_Task item_
Give back exactly the lines of the material below, starting with the line with "laundry room with" and going on through the line with "2351 Dunnes Shop".

_Dataset entries_

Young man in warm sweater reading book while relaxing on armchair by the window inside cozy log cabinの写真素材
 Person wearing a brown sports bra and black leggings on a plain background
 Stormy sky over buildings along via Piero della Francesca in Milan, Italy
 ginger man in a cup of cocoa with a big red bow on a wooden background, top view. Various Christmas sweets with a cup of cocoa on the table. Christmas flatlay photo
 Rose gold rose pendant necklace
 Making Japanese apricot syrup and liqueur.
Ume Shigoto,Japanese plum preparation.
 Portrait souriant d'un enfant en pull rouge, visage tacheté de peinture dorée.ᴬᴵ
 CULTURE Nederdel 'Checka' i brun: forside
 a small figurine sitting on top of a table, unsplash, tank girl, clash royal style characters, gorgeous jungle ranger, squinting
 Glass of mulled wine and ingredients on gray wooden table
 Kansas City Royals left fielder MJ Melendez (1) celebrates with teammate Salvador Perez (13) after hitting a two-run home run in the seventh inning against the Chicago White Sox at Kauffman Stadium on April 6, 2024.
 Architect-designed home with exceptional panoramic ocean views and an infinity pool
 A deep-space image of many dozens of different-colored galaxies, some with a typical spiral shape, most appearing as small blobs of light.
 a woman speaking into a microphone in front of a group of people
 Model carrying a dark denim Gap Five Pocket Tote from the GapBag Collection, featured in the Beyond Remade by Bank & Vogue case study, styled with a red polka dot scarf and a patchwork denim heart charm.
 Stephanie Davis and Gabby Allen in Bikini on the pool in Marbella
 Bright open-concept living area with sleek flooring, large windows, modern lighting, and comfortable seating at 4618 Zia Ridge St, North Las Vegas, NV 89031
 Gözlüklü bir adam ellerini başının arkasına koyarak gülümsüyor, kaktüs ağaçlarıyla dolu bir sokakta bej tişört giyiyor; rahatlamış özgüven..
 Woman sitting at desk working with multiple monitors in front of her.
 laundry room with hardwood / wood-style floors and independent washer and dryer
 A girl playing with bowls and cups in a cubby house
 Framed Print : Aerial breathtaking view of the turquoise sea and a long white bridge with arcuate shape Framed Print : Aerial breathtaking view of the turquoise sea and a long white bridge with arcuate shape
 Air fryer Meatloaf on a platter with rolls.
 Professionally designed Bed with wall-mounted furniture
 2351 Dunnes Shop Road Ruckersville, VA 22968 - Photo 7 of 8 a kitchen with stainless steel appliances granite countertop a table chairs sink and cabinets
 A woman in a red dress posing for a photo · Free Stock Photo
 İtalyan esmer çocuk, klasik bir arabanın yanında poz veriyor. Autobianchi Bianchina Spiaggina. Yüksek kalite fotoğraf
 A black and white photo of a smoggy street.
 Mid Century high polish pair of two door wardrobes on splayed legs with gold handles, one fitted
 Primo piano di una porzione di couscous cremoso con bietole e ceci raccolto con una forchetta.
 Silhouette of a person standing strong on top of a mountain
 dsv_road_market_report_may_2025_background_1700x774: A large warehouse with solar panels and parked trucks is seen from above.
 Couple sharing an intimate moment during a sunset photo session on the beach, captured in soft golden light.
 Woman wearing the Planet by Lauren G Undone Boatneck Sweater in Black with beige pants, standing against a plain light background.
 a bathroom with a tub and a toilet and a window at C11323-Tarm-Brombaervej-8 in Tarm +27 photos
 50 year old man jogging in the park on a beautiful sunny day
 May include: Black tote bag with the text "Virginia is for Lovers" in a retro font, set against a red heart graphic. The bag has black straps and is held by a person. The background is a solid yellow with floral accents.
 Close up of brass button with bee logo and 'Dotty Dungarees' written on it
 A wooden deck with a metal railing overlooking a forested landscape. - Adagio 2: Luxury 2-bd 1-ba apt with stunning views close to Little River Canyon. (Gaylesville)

_Answer to this exercise_
 laundry room with hardwood / wood-style floors and independent washer and dryer
 A girl playing with bowls and cups in a cubby house
 Framed Print : Aerial breathtaking view of the turquoise sea and a long white bridge with arcuate shape Framed Print : Aerial breathtaking view of the turquoise sea and a long white bridge with arcuate shape
 Air fryer Meatloaf on a platter with rolls.
 Professionally designed Bed with wall-mounted furniture
 2351 Dunnes Shop Road Ruckersville, VA 22968 - Photo 7 of 8 a kitchen with stainless steel appliances granite countertop a table chairs sink and cabinets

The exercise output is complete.